DE LA SOUL, Art Official Intelligence: Mosaic Thump (Tommy Boy) "I maintain like an old jazz singer," maintains Posdnuos near the top, and so he and his old high school buddies do. Or, really, have been doing since 1993's Buhloone Mindstate—maturity that doesn't resort to seen-it-all weariness is nothing new on them. So the biggest difference from their earlier work is how deeply ingrained that maturity is—and that they've gotten as goofy as their old Prince Paul-produced selves again after 1996's somber Stakes is High. Certainly the guests provide assistance: exuberant cut-ups such as Redman, Busta Rhymes, and the Beastie Boys; expert cut-and-pasters like Ad Lib, Rockwilder, and Jaydee; Chaka Khan singing a chorus on a standout song. But those helpmates only highlight just how good they are when they're being themselves, especially on "The Art of Getting Jumped," one of the most brilliant cautionary tales in the history of a music full of them. And whatever their method, De La pack more surefire singles into Art Official Intelligence than any album they've made since 3 Feet High & Rising, 11 years ago. No wonder AOI debuted in Billboard's Top 10. And even if that's just a quirk or accident of commerce, it's worth celebrating: Everybody say "Oooh. . . ."—Michaelangelo Matos
THE GLANDS, The Glands (Capricorn) You can be forgiven for taking Ross Shapiro of Athens, Georgia, for a whiner the first time you hear him: I did, and even after eight or nine listens to his band's self-titled second album, I occasionally still do. But not only did it stop mattering about halfway through my initial foray into The Glands, I now eagerly await every curled vowel and sigh, because they're of a piece with the guitars, which do pretty much the same thing. Only better: Every pick, strum, conjuring of feedback, and echo of plectra leaving string that Shapiro, Craig McQuiston, and Doug Stanley lay down is an act of love, murmured late in the night just for you. The hazy slide of "Mayflower," the confident single-note punctuations of "Lovetown," and the groaning layers of "Soul Inspiration" entice from afar and blossom upon closer inspection. They have their way with keyboards, too. The piano-driven Nutrasweet pop of "Swim" is what Ben Folds might sound like if he weren't a preening asshole.

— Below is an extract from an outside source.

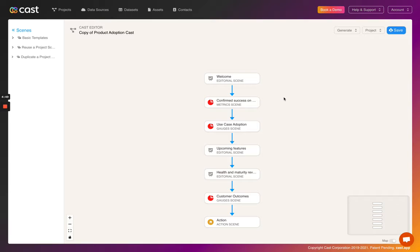Well, Cast narrations can be generated and personalized for all of your customers at scale. You can surface interesting insights that would otherwise take hours of time to uncover and present them by using conditions and fields. Let's hop into one of our narrations so you can see what I'm talking about.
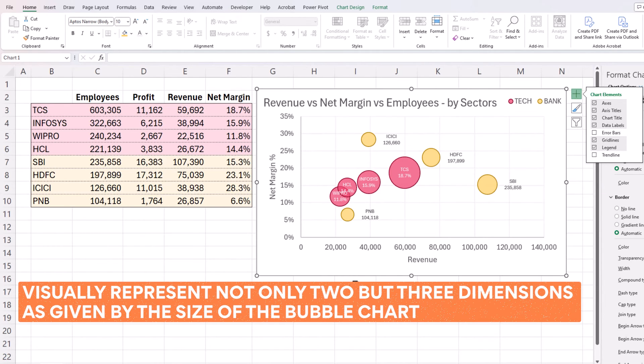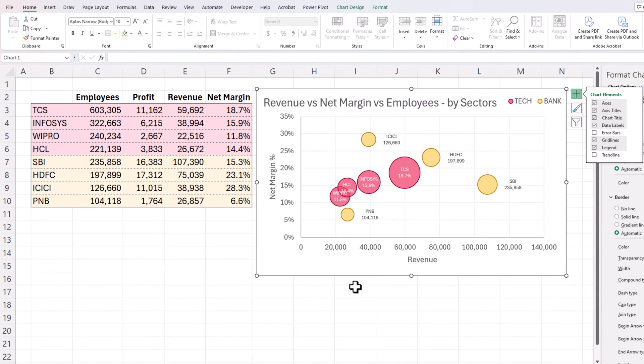We can also create motion bubble charts. This is something I've done in the past and published, where essentially we write a macro to allow the time to change. So the revenue and net margin percentage could be for one quarter, but if you have data for two years or five years across multiple quarters, you can write a macro to change the time period and let the bubble chart move — that's another effective visualization. I'll link to the other video and the template I've created. If you have any questions on bubble charts and how to create them for multiple series with labels, please let me know. Thank you so much for watching, and I'll see you soon in another video.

And something tells me we're not gonna hear a better indie-rock song this year than "I Can See My House from Here," a stoned-soul picnic that digs a perfect groove and then wallows in it for four exquisite minutes. For those of you still waiting for Creeper Lagoon to make that just-as-irresistible follow-up to I Become Small and Go, here it is.—Michaelangelo Matos
The Glands play Tuesday, September 5 at the Breakroom.